## TASK PROMPT
All lines of the listing that contain "Focus" should be shown in full.

*** DATA ***

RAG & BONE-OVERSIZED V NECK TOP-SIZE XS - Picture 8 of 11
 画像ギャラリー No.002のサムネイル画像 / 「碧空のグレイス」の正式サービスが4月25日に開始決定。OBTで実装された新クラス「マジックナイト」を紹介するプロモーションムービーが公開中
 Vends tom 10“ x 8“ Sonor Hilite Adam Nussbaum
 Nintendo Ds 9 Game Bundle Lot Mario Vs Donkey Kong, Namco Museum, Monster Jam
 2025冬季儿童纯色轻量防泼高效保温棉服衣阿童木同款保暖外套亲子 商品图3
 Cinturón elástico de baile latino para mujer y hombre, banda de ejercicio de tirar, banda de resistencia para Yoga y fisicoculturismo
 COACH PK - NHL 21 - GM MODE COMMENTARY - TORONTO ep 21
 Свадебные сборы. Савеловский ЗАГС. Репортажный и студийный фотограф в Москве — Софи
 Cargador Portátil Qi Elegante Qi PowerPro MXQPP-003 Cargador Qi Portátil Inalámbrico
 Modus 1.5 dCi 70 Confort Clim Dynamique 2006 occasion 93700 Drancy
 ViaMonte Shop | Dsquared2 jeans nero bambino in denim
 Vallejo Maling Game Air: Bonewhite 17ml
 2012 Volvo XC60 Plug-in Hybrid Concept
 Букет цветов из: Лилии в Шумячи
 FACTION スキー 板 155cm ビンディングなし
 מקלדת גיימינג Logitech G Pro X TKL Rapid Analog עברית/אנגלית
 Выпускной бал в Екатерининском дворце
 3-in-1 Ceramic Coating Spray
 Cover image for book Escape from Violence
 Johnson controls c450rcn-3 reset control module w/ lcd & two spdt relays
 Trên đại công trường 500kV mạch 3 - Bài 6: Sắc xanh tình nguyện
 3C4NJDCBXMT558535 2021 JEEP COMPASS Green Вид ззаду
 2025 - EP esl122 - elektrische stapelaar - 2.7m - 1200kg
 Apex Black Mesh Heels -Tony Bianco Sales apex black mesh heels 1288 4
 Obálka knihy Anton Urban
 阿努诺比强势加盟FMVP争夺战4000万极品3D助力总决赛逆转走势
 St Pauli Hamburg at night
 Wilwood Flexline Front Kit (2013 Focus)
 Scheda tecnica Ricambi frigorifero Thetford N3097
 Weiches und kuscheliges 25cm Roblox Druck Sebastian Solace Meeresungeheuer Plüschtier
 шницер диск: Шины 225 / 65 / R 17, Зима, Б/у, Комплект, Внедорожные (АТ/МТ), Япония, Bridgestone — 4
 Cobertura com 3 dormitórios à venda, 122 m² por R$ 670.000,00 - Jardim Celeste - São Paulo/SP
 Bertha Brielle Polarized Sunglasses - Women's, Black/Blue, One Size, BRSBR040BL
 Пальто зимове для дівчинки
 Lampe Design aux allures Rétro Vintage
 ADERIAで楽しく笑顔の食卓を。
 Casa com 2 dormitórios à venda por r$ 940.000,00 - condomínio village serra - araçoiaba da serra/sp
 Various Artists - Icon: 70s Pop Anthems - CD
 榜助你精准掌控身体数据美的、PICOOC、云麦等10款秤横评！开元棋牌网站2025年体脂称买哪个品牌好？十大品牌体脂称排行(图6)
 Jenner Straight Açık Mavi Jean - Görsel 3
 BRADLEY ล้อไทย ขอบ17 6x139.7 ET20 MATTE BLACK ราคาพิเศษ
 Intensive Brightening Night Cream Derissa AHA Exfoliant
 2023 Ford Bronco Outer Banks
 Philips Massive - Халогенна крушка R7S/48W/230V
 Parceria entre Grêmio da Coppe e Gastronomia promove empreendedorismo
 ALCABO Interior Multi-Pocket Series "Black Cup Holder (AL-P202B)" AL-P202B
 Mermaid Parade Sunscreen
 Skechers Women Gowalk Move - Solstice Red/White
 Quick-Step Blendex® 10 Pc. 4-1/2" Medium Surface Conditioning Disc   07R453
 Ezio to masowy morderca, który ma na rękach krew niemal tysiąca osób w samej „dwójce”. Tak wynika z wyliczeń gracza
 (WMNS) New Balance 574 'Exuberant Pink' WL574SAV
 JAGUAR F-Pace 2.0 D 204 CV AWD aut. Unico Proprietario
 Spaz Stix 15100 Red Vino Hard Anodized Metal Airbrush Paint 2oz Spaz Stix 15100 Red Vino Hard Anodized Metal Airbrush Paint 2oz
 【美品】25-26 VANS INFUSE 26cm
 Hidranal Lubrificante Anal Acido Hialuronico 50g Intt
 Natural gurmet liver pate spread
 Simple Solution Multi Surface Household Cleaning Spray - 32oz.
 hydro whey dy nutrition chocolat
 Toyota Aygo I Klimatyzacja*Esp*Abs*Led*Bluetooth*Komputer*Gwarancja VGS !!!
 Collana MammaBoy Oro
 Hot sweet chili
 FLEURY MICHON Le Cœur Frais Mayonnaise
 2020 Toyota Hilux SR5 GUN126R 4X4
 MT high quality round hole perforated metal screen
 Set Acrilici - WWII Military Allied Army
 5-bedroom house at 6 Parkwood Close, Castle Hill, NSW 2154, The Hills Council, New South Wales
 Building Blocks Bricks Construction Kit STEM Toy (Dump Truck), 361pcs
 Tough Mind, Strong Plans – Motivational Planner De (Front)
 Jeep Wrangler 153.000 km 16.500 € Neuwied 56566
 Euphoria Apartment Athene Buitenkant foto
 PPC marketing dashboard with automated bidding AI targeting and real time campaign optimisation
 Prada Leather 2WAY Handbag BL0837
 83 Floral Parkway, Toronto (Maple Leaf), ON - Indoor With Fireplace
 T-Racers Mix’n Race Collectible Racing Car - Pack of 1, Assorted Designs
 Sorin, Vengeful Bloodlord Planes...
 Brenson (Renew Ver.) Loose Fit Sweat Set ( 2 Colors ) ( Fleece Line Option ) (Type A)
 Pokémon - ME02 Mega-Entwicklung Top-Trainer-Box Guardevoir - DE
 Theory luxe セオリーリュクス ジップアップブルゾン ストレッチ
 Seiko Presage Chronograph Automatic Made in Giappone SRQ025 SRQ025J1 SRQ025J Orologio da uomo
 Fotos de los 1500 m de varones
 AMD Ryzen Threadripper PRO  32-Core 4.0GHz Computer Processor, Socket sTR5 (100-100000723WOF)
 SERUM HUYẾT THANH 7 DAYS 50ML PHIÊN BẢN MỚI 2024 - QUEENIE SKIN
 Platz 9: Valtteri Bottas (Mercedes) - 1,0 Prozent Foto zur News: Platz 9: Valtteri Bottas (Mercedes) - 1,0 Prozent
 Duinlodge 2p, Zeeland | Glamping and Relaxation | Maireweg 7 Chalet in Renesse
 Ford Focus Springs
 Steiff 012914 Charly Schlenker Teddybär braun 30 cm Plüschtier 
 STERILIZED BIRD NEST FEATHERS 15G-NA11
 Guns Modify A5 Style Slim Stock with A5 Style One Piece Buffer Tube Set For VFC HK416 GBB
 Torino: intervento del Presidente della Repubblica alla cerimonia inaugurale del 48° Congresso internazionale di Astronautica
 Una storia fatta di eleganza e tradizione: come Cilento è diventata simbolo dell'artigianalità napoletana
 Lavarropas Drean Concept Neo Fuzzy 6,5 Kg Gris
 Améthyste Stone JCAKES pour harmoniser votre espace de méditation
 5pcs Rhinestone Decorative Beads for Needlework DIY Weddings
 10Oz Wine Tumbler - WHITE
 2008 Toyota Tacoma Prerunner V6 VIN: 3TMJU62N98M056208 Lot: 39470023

*** End of DATA ***

## WRITTEN REPLY
 Wilwood Flexline Front Kit (2013 Focus)
 Ford Focus Springs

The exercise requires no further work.